In 2009, the average UK house was worth roughly half the nil rate band. Today, in many parts of the country, the house alone can exceed it. Add savings, pension assets (depending on their structure), investments, and any other property, and a family that considers itself solidly middle-class can easily find their estate in the £600,000 to £900,000 range.
The 2030 freeze means this trend continues. Every year of price growth pulls more estates over the threshold. Every year that passes without planning is a year of missed options.
Who this is actually hitting
The stereotype of the IHT-liable estate is someone with old inherited wealth, multiple properties, and a portfolio of investments. The reality is increasingly different.
Teachers, NHS workers, small business owners, tradespeople who bought property in the 1990s and watched its value multiply over 30 years. These are the families turning up at solicitors’ offices after a parent dies, discovering that the house they grew up in has created a six-figure tax liability.
It’s not that they made mistakes. It’s that the tax system moved around them while they were busy living their lives.
The residence nil rate band: helpful, but not automatic
There is some relief available.

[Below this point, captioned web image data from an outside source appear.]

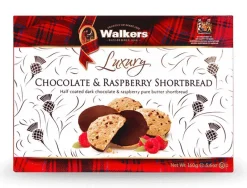 Walkers Food<Half Coated Dark Chocolate & Raspberry Shortbread 160g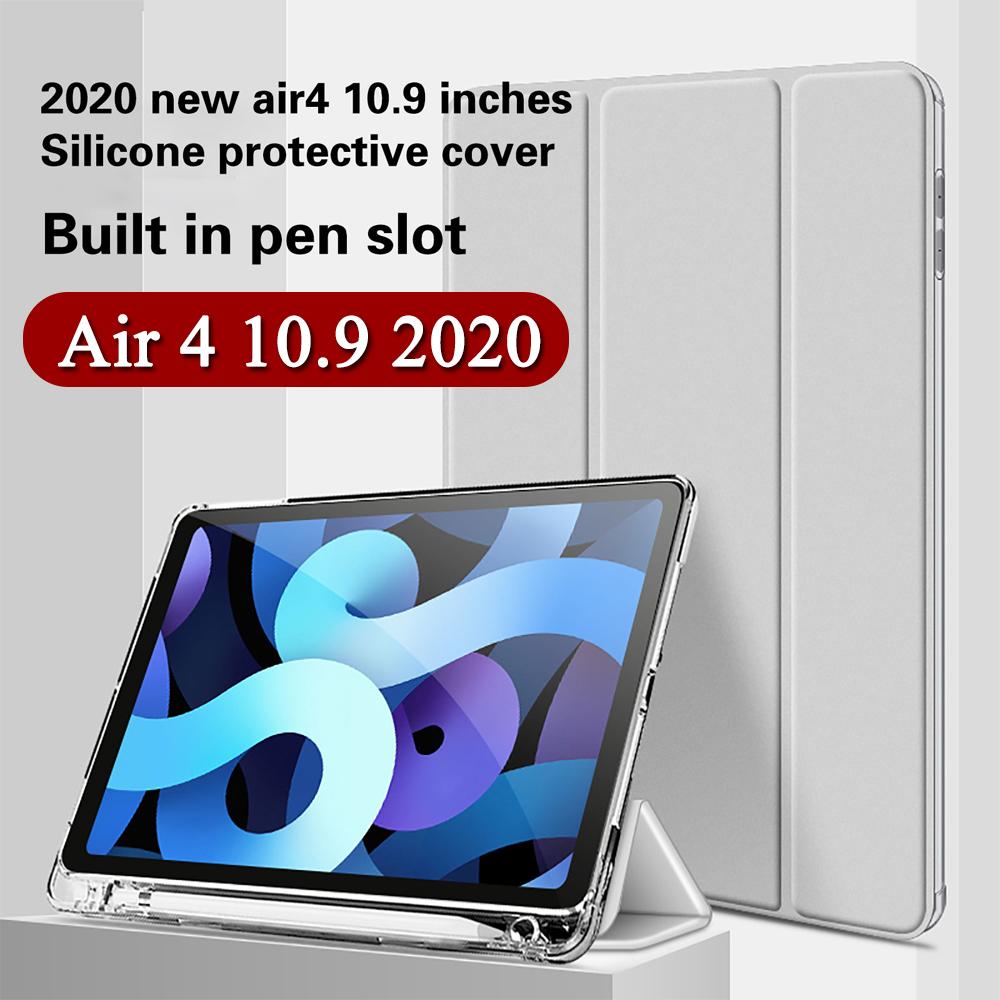 Изображение товара: Защитный чехол из искусственной кожи для iPad Air 4 10,9 2020 Air4, Магнитный флип-чехол, чехлы с держателем для карандашей, умным замком/пробуждением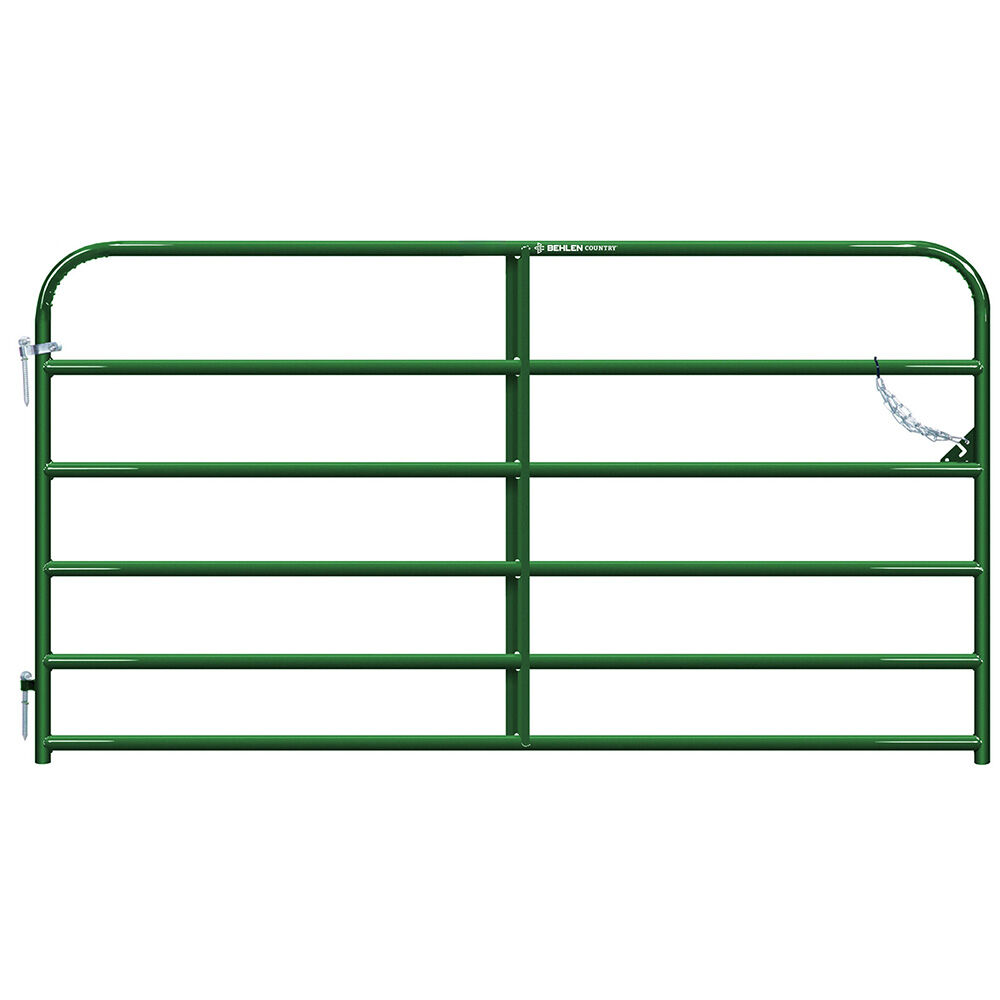 image of 8 ft Heritage Round Corner Gate, Green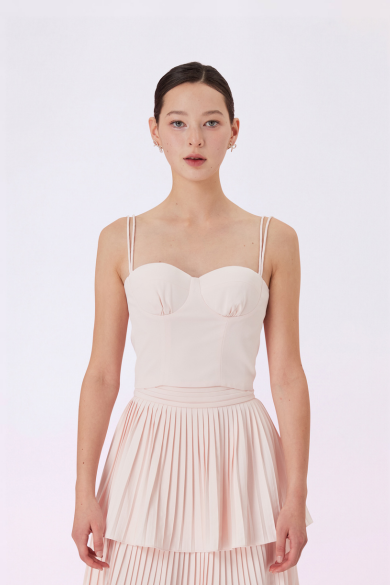 Freada Pink Bustier Top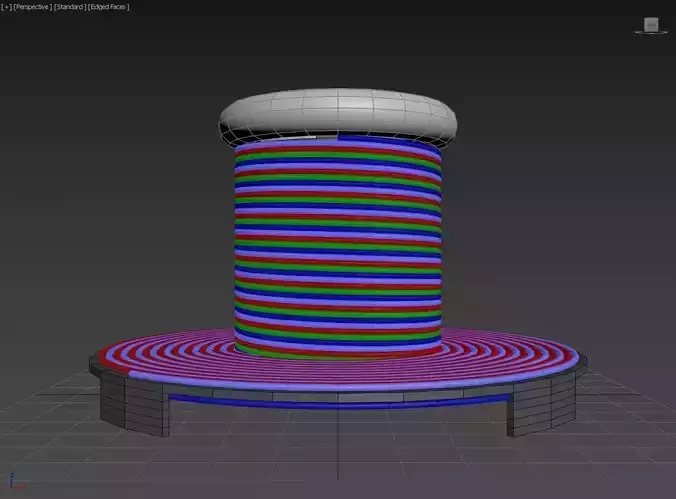 Method 4 Phase Solenoid - 4x Flux Density - 4x Magnetic Torque 3D model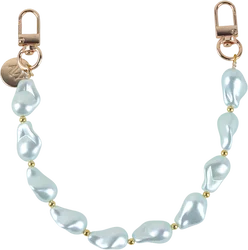 AVY Universeel Armband Polsband Parel Telefoonkoord (32CM) Blue Pearls afbeelding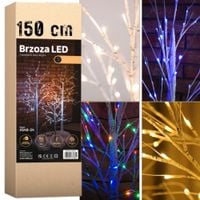 BRZOZA LED DRZEWKO ŚWIĄTECZNE DEKORACJA 150 CM 72 DIODY Zimna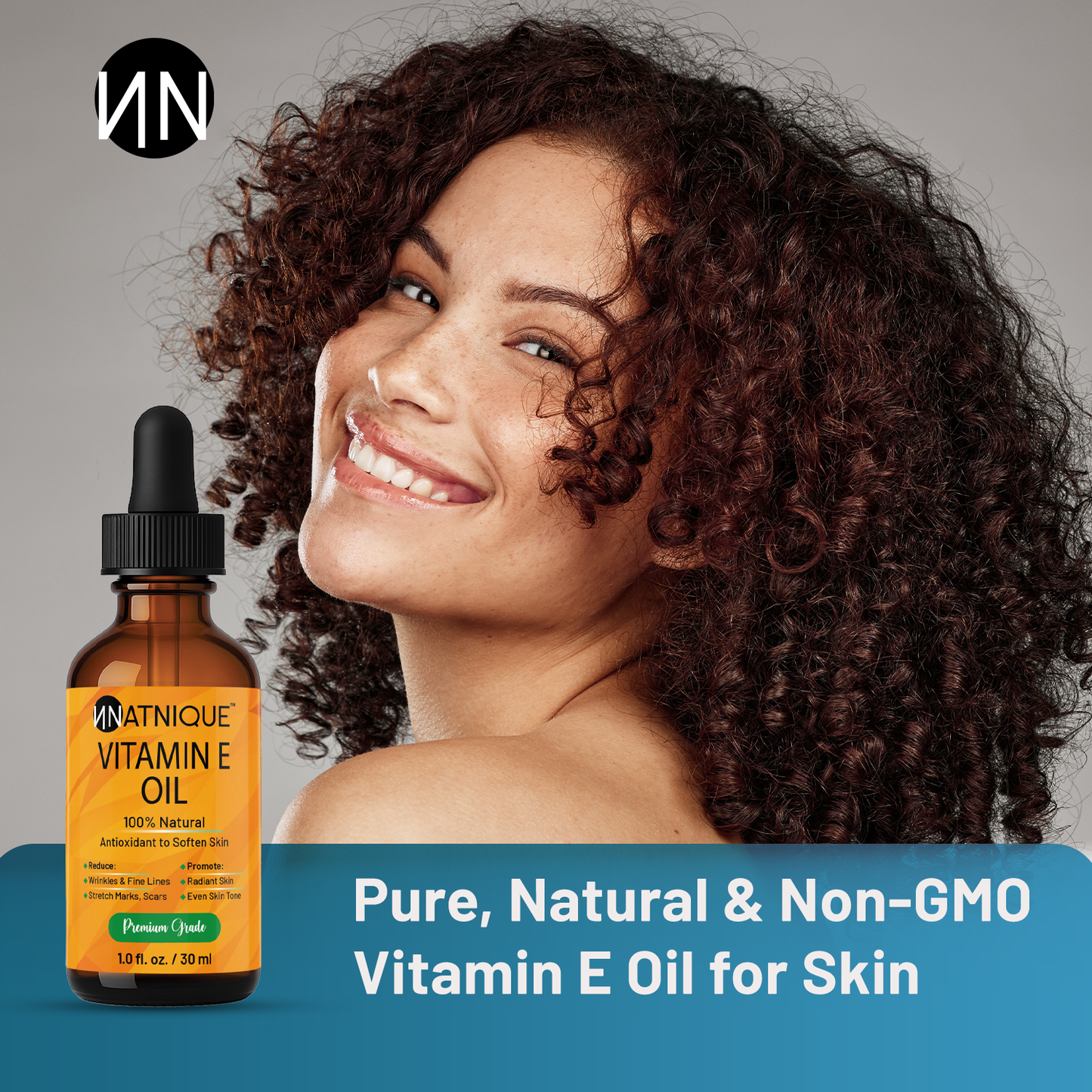 Vitamin E Oil - Premium Grade Natural Non-GMO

The residence nil rate band (RNRB) gives an additional £175,000 allowance when a property is left to a direct descendant. For a married couple, the combined allowances can reach £1,000,000 in the right circumstances.
But “in the right circumstances” is doing a lot of work in that sentence.
The RNRB tapers off if the total estate exceeds £2,000,000. It doesn’t apply to all property transfers. It requires the right will structure to work correctly. And it phases out entirely for estates above a certain size.
A lot of families assume they’ll benefit from it automatically. When the estate is administered, they sometimes find out they don’t.
What the planning window looks like
The options available to a family depend heavily on how early they act.
Acting 7 or more years before death opens up potentially exempt transfers (PETs): gifts that fall outside the taxable estate if the donor survives seven years after making them. This is one of the most effective tools available, and it costs nothing to use. It just requires time.
Acting 2-5 years before death still allows for some PET planning, trust structures, and insurance-based solutions to cover the expected tax bill. The options are narrower but still meaningful.
Acting after someone has died leaves almost nothing on the table. At that point, the family is mostly managing how to pay a bill that’s already been set.
Why people still don’t act
Part of it is procrastination. Death is uncomfortable to think about, and IHT planning requires thinking about it directly.
Part of it is a lack of information. People know the 40% headline rate but don’t know what their actual liability looks like, or what the realistic planning options are.
And part of it is a perception issue: that this kind of advice is expensive, complicated, or only worth pursuing for much larger estates. In practice, a professional assessment can clarify very quickly whether planning is worth it. For many families, the answer is obviously yes.
The middle-class IHT problem is real. The window to do something about it is open right now. Whether it stays open depends on when families choose to look at their situation seriously.